TASK REQUIREMENTS — The copy you produce must hold every record exactly, and none of the images.
········
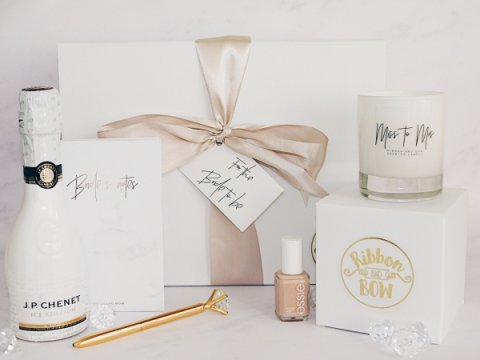 Bride to be gift set - Ribbon & Bow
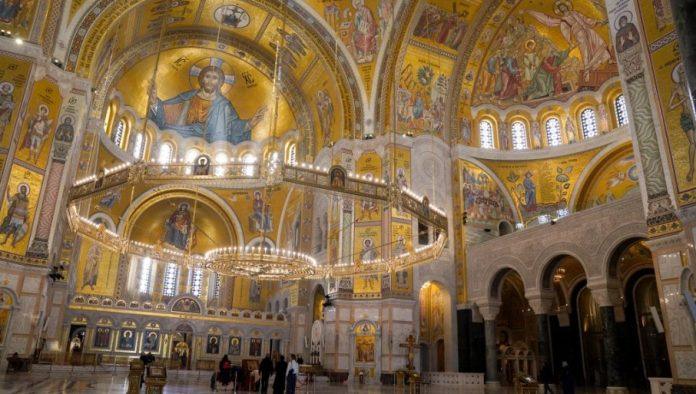 blagoslov-sa-hristovog-groba:-veceras-docek-i-deljenje-blagodetnog-ognja-u-hramu-svetog-save-u-beogradu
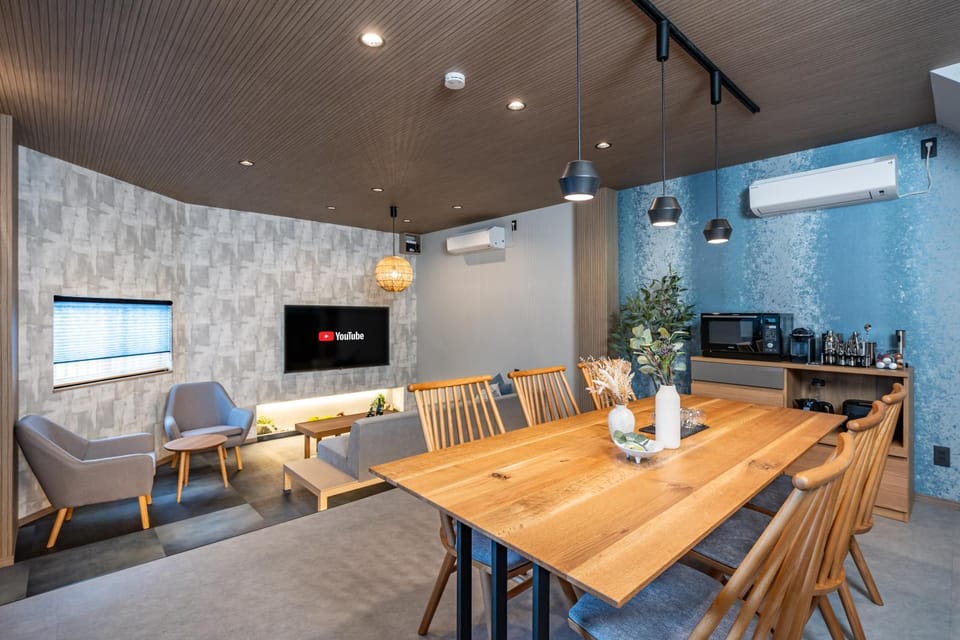 TV and multimedia, Living room, Dining area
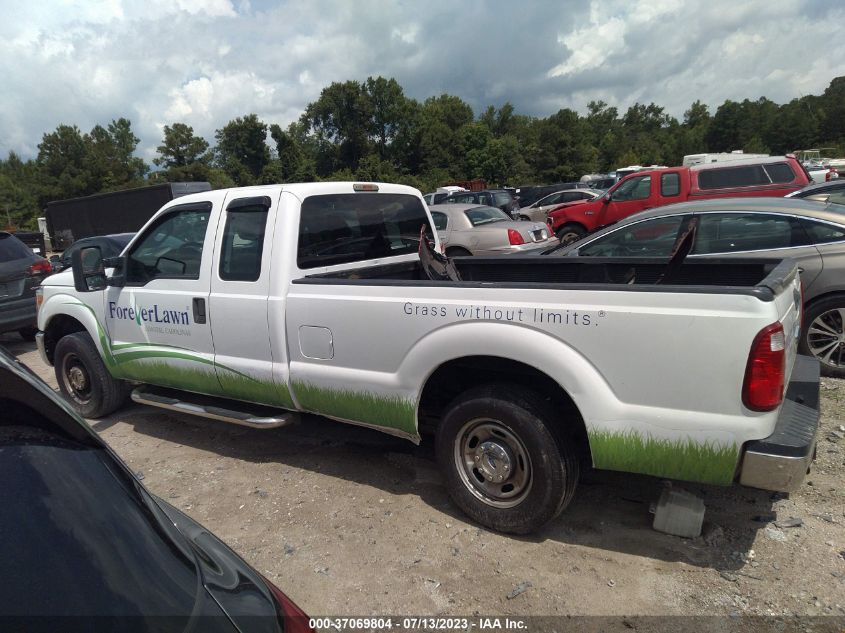2013 FORD SUPER DUTY F-250 SRW XL/XLT/LARIAT - 1FT7X2A65DEA14963
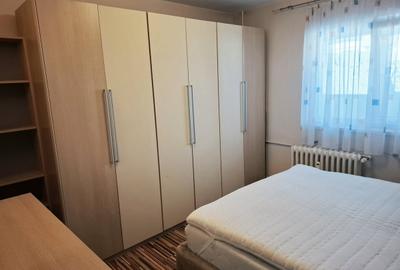 Apartament cu 3 camere decomandat în Militari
········
SOLUTION FOR THIS EXERCISE —
 Bride to be gift set - Ribbon & Bow
 blagoslov-sa-hristovog-groba:-veceras-docek-i-deljenje-blagodetnog-ognja-u-hramu-svetog-save-u-beogradu
 TV and multimedia, Living room, Dining area
2013 FORD SUPER DUTY F-250 SRW XL/XLT/LARIAT - 1FT7X2A65DEA14963
 Apartament cu 3 camere decomandat în Militari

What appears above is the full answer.